If you are learning a skill, don’t do the same factor over and over. creating slight changes throughout repeated practice sessions will help you master a skill faster than doing it the same way every time. In one study of people who learned a computer-based motor skill, those who learned a skill and then had a modified practice session where they practiced the skill in a slightly different way performed better than those who repeated the original task over and over.
This only works if the modifications are little — making big changes in how the skill is performed won’t help. So, for instance, if you’re practicing a new golf swing or perfecting your tennis game, try adjusting the size or weight of your club or racket.
6. Try a mnemonic device.
One of the most effective ways to memorize a large amount of information quickly is to use a mnemonic device: a pattern of letters, sounds or other associations that assist in learning something. one of the most popular mnemonic devices is one we learned in preschool — the alphabet song. This song helps children remember their “ABCs,” and it remains deeply ingrained in our memory as adults. Another is “i before e except after c” to help U.S. remember a grammar rule.
Mnemonics help you simplify, summarize and compress information to create it easier to learn. It can be extremely handy for students in medical school or law school, or people studying a new language. So, if you need to memorize and store large amounts of latest information, try a mnemonic and you’ll find you remember the information long past your test.
7. Use brain breaks to restore focus.
Information overload is a real thing. in order to learn something new, our brains should send signals to our sensory receptors to save the new information, however stress and overload will prevent your brain from effectively processing and storing information.
When we are confused, anxious or feeling overwhelmed, our brains effectively shut down. you can see this happen when students listening to long, detailed lectures “zone out” and stop paying attention to what’s being said.
They simply aren’t able to effectively conduct that information into their memory banks, therefore learning shuts down. the most effective way to combat this is by taking a “brain break,” or just shifting your activity to focus on something new.
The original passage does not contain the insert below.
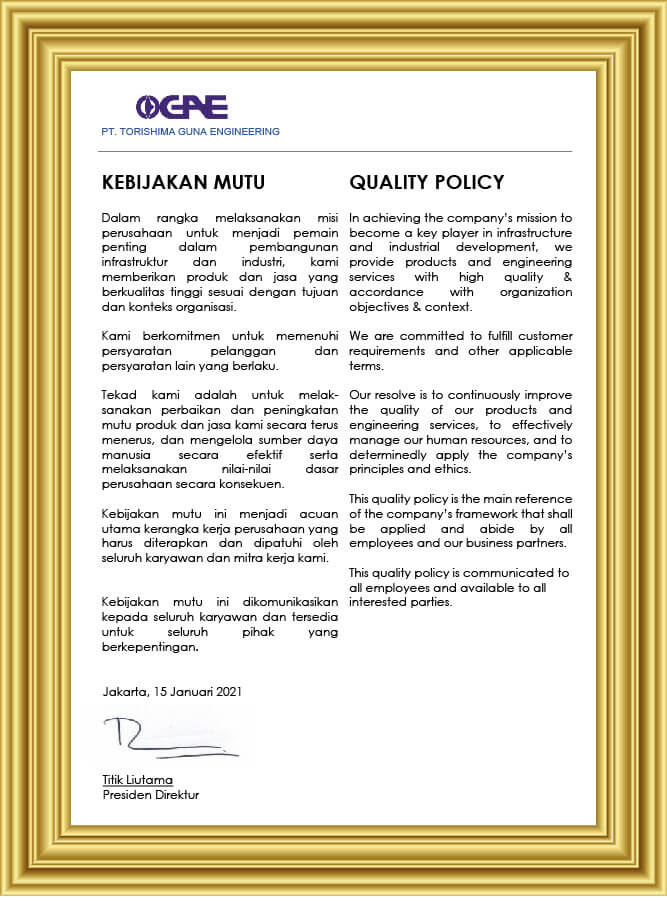 About Us - Quality and Safety Policy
Even a five-minute break can relieve brain fatigue and help you refocus.
8. Stay hydrated.
We know we should drink water because it’s good for us — it’s good for our skin and our immune system, and it keeps our body functioning optimally. but staying hydrated is also key to our cognitive talents. drinking water can truly build us smarter. according to one study, students who took water with them to an examination room performed better than those who didn’t.
Dehydration, on the other hand, can seriously affect our mental function. when you fail to drink water, your brain has to work harder than usual.
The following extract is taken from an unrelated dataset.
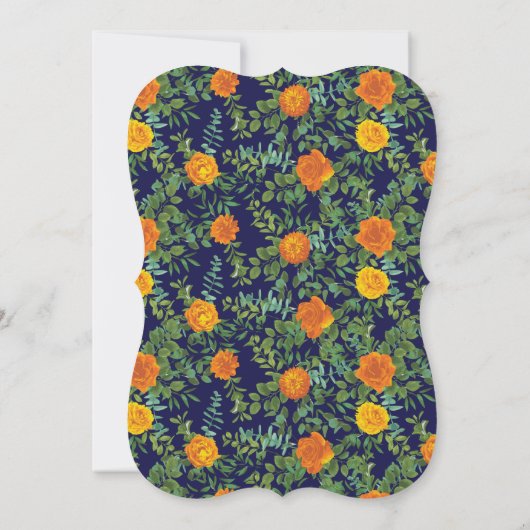 Hochzeitsfeiern mit Blauer Rose und Orangen Einladung (Rückseite)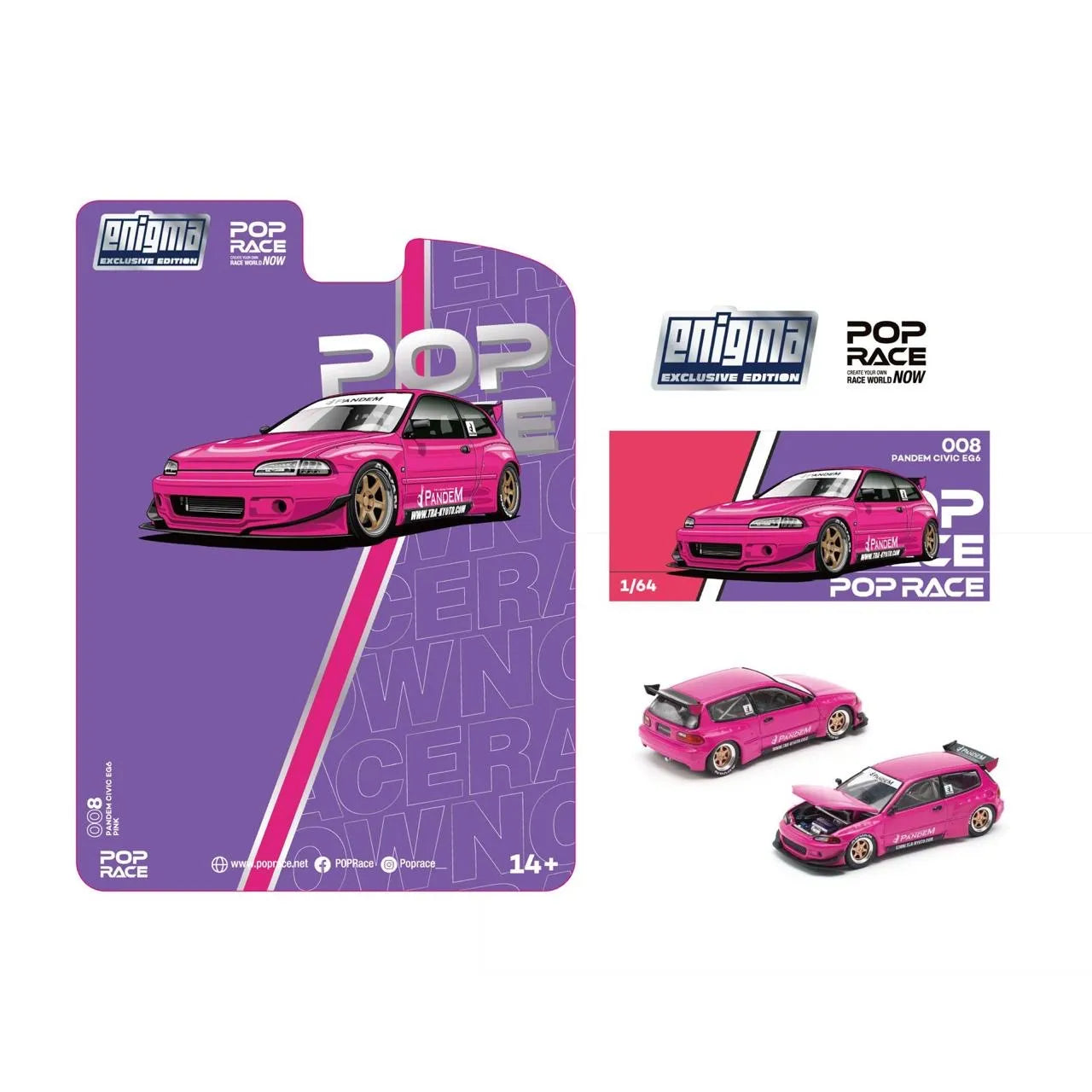 Pop Race Pandem Civic EG6 Pink PR64-PRE008 Enigma Exclusive Preorder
9. Learn information in multiple ways.
When you use multiple ways that to learn something, you’ll use more regions of the brain to store information about that subject. This makes that information additional interconnected and embedded in your brain. It basically creates a redundancy of knowledge within your mind, helping you truly learn the information and not simply memorize it.
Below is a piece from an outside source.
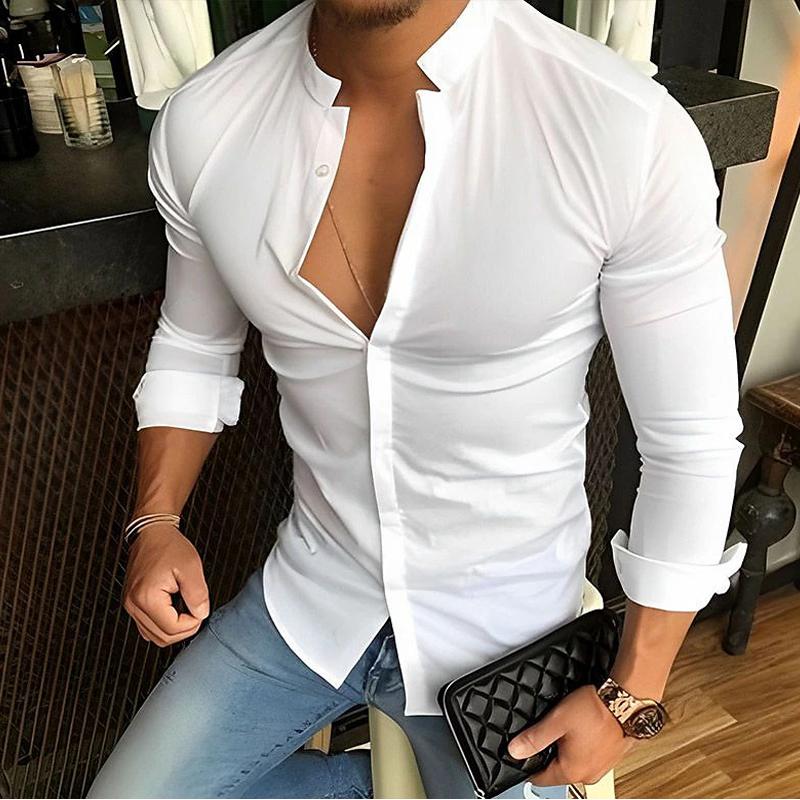 Relaxed Fit Men's Long Sleeve Button Shirt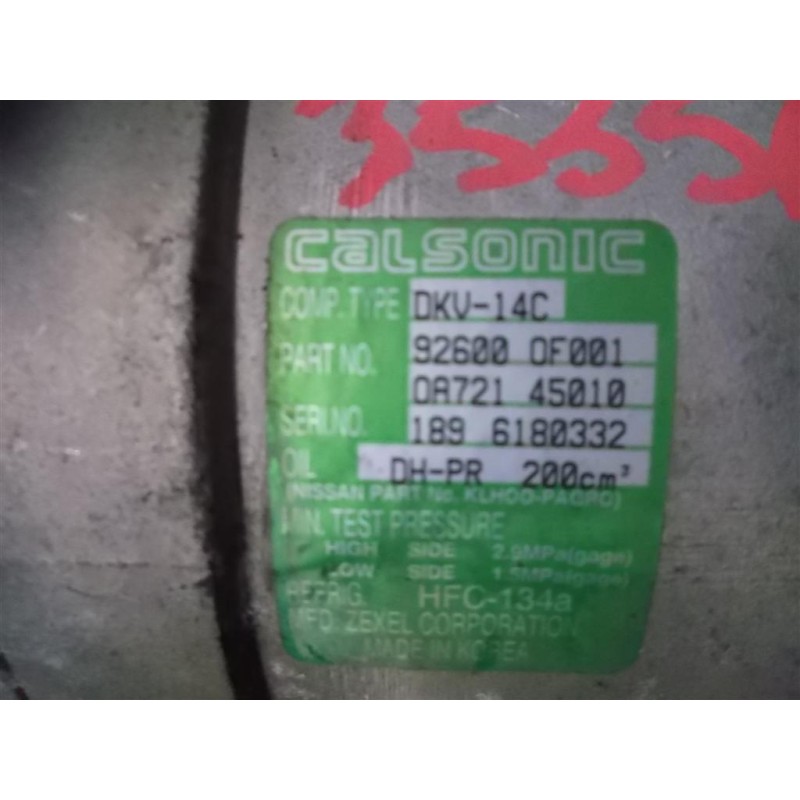 NISSAN AIR CONDITIONER COMPRESSOR NISSAN Terrano 1999>2003 used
You can do that by using different media to stimulate different parts of the brain, like reading notes, reading the textbook, watching a video and listening to a podcast or audio file on the subject. The additional resources you use, the faster you’ll learn.
10. Connect what you learn with something you know.
The more you can relate new concepts to ideas that you already understand, the faster the you’ll learn the new information. according to the book create It Stick, many common study habits are counterproductive. they’ll produce an illusion of mastery, however the information quickly fades from our minds.
Memory plays a central role in our ability to carry out complex cognitive tasks, like applying knowledge to issues we haven’t encountered before and drawing inferences from facts already known. By finding ways to suit new information in with preexisting knowledge, you’ll find additional layers of meaning in the new material. This will help you essentially understand it better, and you’ll be able to recall it more accurately.